Paterson had vowed to win a full term in November despite an expected primary challenge from the far more popular and better funded Cuomo. But scandals surrounding a woman who accused one of his top aides of domestic violence — and an accusation that the governor got World Series tickets, then lied about whether he intended to pay for them — forced him to end the bid.
Already, Paterson's public security chief, his state police superintendent and his communications director have quit over the scandals.
And now even Cuomo is taking a hit.
The Marist poll on Tuesday found Cuomo's approval rating fell 13 points in two weeks as he began investigating Paterson.
Cuomo, who has not announced his candidacy, had sailed around 67 percent for months. But several polls found New Yorkers think Cuomo shouldn't be investigating the guy everybody thinks he wants to replace, seeing a conflict that law professors say, legally, doesn't exist. Voters, however, appear to be reacting to the mere appearance of a conflict of interest.
Two days after the poll, Cuomo recused himself from the investigation and appointed former Chief Judge Judith Kaye — appointed to the high court by his father, Gov. Mario Cuomo — to be the special counsel in charge of the case. Andrew Cuomo said no "technical conflict" exists, but appointing Kaye would make the probe above reproach from the "ferocity of politics in New York."
Lazio, the Republican, hasn't so far seen a windfall from the scandals, even though the targets have been Democrats.
Lazio is facing a challenge by conservative Democrat Steve Levy, who has a record of defying political party labels. Levy got a rare meeting this week with Republican leaders who might back him. The Suffolk County executive has run on the Democratic, Republican and Conservative parties' lines simultaneously, attracting voters even as he draws the ire of party bosses.
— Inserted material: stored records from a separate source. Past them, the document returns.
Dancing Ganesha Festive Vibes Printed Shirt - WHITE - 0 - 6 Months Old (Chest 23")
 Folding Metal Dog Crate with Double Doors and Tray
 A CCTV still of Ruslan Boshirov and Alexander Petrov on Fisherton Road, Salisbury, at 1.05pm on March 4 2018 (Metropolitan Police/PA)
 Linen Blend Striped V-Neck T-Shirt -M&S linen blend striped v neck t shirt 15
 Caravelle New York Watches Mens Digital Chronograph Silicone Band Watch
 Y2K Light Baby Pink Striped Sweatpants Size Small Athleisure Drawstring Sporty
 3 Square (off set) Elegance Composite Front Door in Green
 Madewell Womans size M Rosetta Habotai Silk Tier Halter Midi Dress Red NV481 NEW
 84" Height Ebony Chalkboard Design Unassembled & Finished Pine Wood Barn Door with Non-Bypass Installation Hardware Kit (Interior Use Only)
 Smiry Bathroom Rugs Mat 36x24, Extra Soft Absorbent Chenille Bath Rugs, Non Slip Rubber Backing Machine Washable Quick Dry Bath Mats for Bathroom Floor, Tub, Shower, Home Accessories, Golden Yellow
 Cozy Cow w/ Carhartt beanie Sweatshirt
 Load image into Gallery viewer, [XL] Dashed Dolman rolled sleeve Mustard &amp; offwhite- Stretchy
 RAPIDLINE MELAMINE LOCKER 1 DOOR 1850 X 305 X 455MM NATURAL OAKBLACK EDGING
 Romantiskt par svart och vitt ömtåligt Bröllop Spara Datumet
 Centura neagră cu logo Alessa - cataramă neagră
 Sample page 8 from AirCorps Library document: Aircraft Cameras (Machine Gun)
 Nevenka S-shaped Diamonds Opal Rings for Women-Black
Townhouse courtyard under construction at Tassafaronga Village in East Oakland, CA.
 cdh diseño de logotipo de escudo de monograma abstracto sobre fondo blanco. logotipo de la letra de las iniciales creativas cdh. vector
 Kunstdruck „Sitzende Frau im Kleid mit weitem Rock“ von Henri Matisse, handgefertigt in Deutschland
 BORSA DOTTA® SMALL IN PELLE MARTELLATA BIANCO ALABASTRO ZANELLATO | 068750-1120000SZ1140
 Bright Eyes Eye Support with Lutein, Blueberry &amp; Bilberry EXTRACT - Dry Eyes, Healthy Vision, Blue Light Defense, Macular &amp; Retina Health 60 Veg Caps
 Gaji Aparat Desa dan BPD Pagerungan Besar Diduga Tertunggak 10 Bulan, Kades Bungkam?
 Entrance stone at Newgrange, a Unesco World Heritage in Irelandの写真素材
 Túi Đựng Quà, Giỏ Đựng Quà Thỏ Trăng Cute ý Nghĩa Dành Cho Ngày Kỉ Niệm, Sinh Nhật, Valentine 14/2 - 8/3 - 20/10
Larry Levy of the National Center for Suburban Studies says such an outsider image, if it can be cultivated, could be essential in this year's governor's race.
There's a reason 55 percent of New Yorkers told a Siena College poll this month that they are embarrassed to say they are from New York. The unprecedented stretch of scandal began when Democratic Gov. Eliot Spitzer resigned in March 2008 amid a prostitution scandal and includes the conviction this year of former Senate Majority Leader Joseph Bruno, a Republican, for pocketing more than $1 million in consulting fees. In between was the sentencing of 30-year veteran Assemblyman Anthony Seminerio, a Democrat, for collecting $1 million in consulting fees for, in his own words, "doing nothing"; and Sen. Hiram Monserrate, a Queens Democrat, who was expelled from his seat in February following a misdemeanor assault conviction involving his girlfriend.
In a special election on Tuesday, Monserrate will try to win back the seat he lost.
"I can't think of another period where you have seen that many high-ranking officials involved," said political science Professor Christopher W. Larimer of the University of Northern Iowa, a researcher of leadership traits and flaws.
He said this lack of confidence in government often results in poor election turnouts because it will be hard for any candidate to excite the electorate. He said such widespread dissatisfaction could even prompt voters to turn against their own legislators, rather than just blame the Legislature.